以下、ネタバレあり。
主人公は隣室から彼らを見ている女性。彼女は壁の向こうが見えるという特種能力を持っており、その部屋で一人黙々と「封を切っていない手紙を読む」仕事をしていたが、隣室で繰り広げられる出来事もじっと見ていた。
二つの部屋は同じ場所で演じられる。隣室の人々は彼女が見えないので、まるで幽霊のように立っている。その状況について説明はないので、理解できるまでしばらく時間がかかったが、わかってくるとあたかも彼女と同じように見えている感覚になる。不気味な覗き見舞台のようだ。
特殊能力ゆえに普通ではない感性を持っているはずの主人公だが、その行動はとても率直な感情にもとづいており、なぜか共感できる。そして彼女は恋をしている、あるいは恋をしているつもりになっている。

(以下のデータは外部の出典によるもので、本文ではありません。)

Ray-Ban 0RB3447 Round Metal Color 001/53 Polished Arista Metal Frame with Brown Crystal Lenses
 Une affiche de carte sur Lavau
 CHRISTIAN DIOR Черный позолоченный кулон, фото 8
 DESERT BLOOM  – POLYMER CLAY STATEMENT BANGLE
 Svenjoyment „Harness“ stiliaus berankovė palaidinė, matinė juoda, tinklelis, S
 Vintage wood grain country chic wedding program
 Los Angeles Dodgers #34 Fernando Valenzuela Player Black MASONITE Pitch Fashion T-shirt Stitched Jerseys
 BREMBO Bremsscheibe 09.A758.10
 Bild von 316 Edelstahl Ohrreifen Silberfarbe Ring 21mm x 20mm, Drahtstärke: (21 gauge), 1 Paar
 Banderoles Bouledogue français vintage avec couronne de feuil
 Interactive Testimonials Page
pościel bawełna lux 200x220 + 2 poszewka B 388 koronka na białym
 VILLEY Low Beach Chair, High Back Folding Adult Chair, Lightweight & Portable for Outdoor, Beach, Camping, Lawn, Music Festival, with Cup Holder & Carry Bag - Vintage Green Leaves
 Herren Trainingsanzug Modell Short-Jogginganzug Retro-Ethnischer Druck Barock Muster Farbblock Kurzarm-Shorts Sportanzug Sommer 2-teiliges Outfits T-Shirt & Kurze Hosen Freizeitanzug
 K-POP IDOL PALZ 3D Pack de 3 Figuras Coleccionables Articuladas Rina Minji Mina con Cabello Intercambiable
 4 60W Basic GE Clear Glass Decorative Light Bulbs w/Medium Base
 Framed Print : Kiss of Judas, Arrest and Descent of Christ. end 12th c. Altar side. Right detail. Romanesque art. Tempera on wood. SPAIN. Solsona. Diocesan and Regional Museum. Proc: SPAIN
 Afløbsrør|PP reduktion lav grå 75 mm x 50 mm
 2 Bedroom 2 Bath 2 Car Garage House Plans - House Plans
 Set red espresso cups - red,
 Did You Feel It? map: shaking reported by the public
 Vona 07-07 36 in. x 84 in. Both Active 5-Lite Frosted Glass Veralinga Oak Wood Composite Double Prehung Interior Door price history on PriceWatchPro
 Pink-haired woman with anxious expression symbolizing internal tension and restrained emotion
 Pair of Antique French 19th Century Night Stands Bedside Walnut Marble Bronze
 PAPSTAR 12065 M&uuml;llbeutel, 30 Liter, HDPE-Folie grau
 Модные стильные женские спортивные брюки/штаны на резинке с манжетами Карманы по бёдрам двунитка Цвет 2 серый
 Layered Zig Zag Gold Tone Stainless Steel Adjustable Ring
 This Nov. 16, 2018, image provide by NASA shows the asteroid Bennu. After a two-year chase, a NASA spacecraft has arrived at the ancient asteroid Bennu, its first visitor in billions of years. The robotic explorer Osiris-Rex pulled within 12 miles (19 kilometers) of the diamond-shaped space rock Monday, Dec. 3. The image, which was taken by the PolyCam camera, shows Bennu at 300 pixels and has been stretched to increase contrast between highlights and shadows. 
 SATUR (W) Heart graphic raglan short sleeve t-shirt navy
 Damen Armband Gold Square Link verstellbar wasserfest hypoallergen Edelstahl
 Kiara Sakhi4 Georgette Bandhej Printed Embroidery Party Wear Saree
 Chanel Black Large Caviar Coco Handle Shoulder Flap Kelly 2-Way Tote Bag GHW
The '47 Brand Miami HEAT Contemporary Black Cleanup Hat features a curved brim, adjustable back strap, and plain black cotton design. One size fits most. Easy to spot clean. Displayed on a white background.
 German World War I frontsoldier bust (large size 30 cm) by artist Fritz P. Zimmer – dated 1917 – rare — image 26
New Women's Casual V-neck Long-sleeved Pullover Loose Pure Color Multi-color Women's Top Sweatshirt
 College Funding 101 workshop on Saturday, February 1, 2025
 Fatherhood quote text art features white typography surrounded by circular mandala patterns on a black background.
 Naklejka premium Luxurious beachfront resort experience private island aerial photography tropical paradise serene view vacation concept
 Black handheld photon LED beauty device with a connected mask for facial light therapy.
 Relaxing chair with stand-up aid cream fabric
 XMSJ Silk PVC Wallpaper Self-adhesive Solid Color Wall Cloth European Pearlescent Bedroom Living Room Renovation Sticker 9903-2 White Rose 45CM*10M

正常ではないけれど素直な姿勢で愛を伝えようとする。
しかし姿を見ることができても心まで読むことはできない。彼女の恋は悲劇で終わるが、ラストシーンは不思議と美しい印象を受けた。
2005/06/18-19:30
机上風景「複雑な愛の記録」
タイニイ・アリス/ウェブ予約2800円
作:高木登
演出:古川大輔
出演:平山寛人/おもちゃ/浜恵美/坂口哲/川口華那穂/古川大輔
「不気味な覗き見舞台」「なぜか共感できる」とのお言葉、大変嬉しく読ませて頂きました。楽しんで頂けましたなら幸いです。
まだまだ未熟者ではありますが、今後とも温かくお見守りください。